Assim, são desativadas algumas enzimas, o que impede reações químicas capazes de levar à oxidação. A coloração verde é mantida. Quando preparada a infusão, o resultado é uma bebida de cor amarelo-esverdeada e gosto adstringente.
Preto
Reúne um pouco mais de cafeína em relação aos outros chás. Uma das explicações para isso está no uso da variedade Camellia sinensis assamica, versão comum em países como a Índia. Passa por etapas de oxidação, com redução de água e maior exposição ao oxigênio.
“Às vezes, ocorre a trituração das folhas para favorecer o processo”, observa o farmacêutico Daniel Demarque, da Universidade de São Paulo. É o mais consumido nos países ocidentais. Há versões aromatizadas, caso do preferido da rainha, o Earl Grey, que contém bergamota.
Branco
É o mais delicado. Geralmente, resulta das folhas jovens ou brotos. Elas conservam uma estrutura chamada tricoma, que é um tipo de penugem protetora da planta — é ela que deixa a superfície com aparência prateada. Costuma passar por poucas fases de produção.
“A planta é recolhida, murchada naturalmente e, depois, vai para secagem”, explica Michel Bitencourt, CEO da Tea Shop e sommelier de chás. Todo esse zelo no manuseio evita que seja machucada e oxide. Ainda que concentre muitas substâncias benéficas, seu sabor é suave e a coloração é clara.
Vermelho
Não confunda esse tipo de chá com aqueles preparados que misturam frutas como amora e framboesa, além de especiarias. E nem se trata também de rooibos, uma planta africana muito usada em infusões.
Segundo Bitencourt, o legítimo vermelho, derivado da Camellia sinensis, é uma variedade procedente de Pu Erh, província de Yunnan, no sudeste da China. “Trata-se do chá-verde submetido a um processo especial de fermentação, sob condições controladas de calor e umidade”, explica. Em alguns lugares são utilizados, inclusive, barris de carvalho.

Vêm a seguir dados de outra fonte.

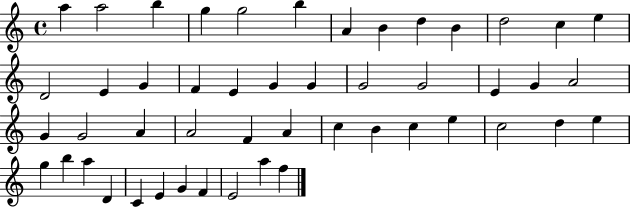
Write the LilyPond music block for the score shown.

{
  \clef treble
  \time 4/4
  \defaultTimeSignature
  \key c \major
  a''4 a''2 b''4 | g''4 g''2 b''4 | a'4 b'4 d''4 b'4 | d''2 c''4 e''4 | \break d'2 e'4 g'4 | f'4 e'4 g'4 g'4 | g'2 g'2 | e'4 g'4 a'2 | \break g'4 g'2 a'4 | a'2 f'4 a'4 | c''4 b'4 c''4 e''4 | c''2 d''4 e''4 | \break g''4 b''4 a''4 d'4 | c'4 e'4 g'4 f'4 | e'2 a''4 f''4 | \bar "|."
} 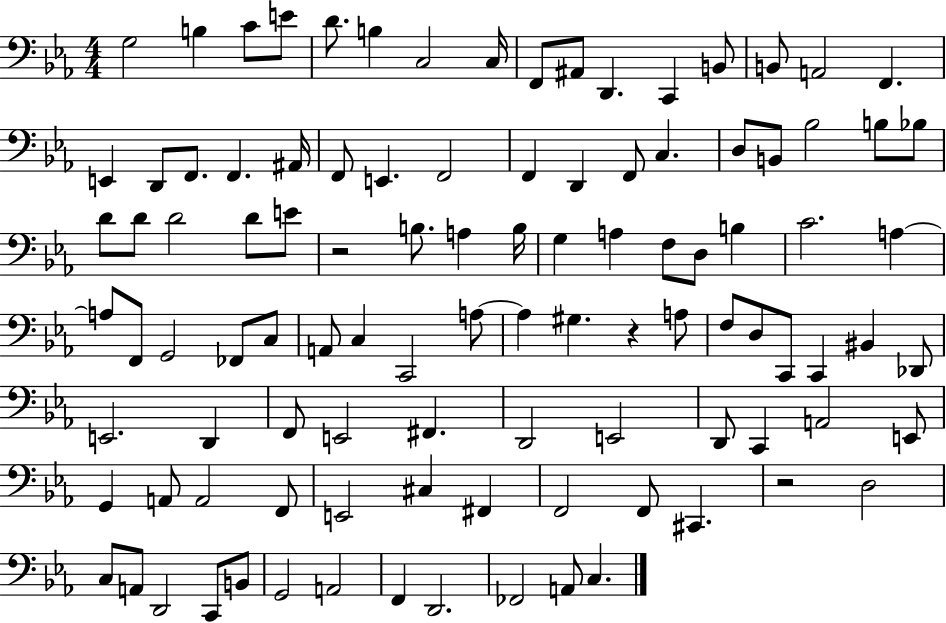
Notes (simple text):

G3/h B3/q C4/e E4/e D4/e. B3/q C3/h C3/s F2/e A#2/e D2/q. C2/q B2/e B2/e A2/h F2/q. E2/q D2/e F2/e. F2/q. A#2/s F2/e E2/q. F2/h F2/q D2/q F2/e C3/q. D3/e B2/e Bb3/h B3/e Bb3/e D4/e D4/e D4/h D4/e E4/e R/h B3/e. A3/q B3/s G3/q A3/q F3/e D3/e B3/q C4/h. A3/q A3/e F2/e G2/h FES2/e C3/e A2/e C3/q C2/h A3/e A3/q G#3/q. R/q A3/e F3/e D3/e C2/e C2/q BIS2/q Db2/e E2/h. D2/q F2/e E2/h F#2/q. D2/h E2/h D2/e C2/q A2/h E2/e G2/q A2/e A2/h F2/e E2/h C#3/q F#2/q F2/h F2/e C#2/q. R/h D3/h C3/e A2/e D2/h C2/e B2/e G2/h A2/h F2/q D2/h. FES2/h A2/e C3/q.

A coloração é bem escura, com tons avermelhados.
Oolong
Também conhecido como wulong, seu nome significa “dragão negro” e teria relação com o formato das folhas após passarem por algumas etapas do processamento. “Elas são parcialmente fermentadas e oxidadas durante um curto período de tempo”, relata a nutricionista e fitoterapeuta Vanderli Marchiori.
Apelidado de chá azul, justamente por estar entre o verde e o preto, na verdade sua coloração é mais puxada para o âmbar. Os chazeiros,
ou sommeliers da bebida, descrevem o aroma como frutado.
Matchá
De origem milenar — foi o escolhido para as cerimônias de chá japonesas —, está cada vez mais célebre devido aos benefícios atestados em estudos.
A produção ainda é bastante artesanal. Diferente dos outros, é um pó bem fininho que passa por moinhos de pedra.
O cultivo costuma ser feito à sombra e ele tende a concentrar clorofila e mais fitoquímicos, especialmente catequinas. Encara etapas de vaporização, que estabilizam enzimas e impedem a oxidação. No preparo da bebida, há tradição de recorrer a um batedor de bambu para formar uma espuma.
E o kombucha?
Outro derivado da Camellia sinensis que é antigo, mas foi redescoberto. Durante a pandemia, até o cantor Caetano Veloso se mostrou fã da bebida. Lendas cercam sua origem, mas acredita-se que venha da China. “Ela resulta da fermentação de leveduras e bactérias do gênero Acetobacter”, descreve o biólogo Flaviano dos Santos Martins, professor da Universidade Federal de Minas Gerais (UFMG), que tem pesquisado o alimento.
Essa cultura de micro-organismos recebe o nome de scoby, do inglês symbiotic culture of bacteria and yeast. “Ele tem potencial probiótico”, comenta Martins. Ainda não dá para bater o martelo sobre seus efeitos na microbiota, mas tudo leva a crer que colabora para o ecossistema que habita nosso intestino.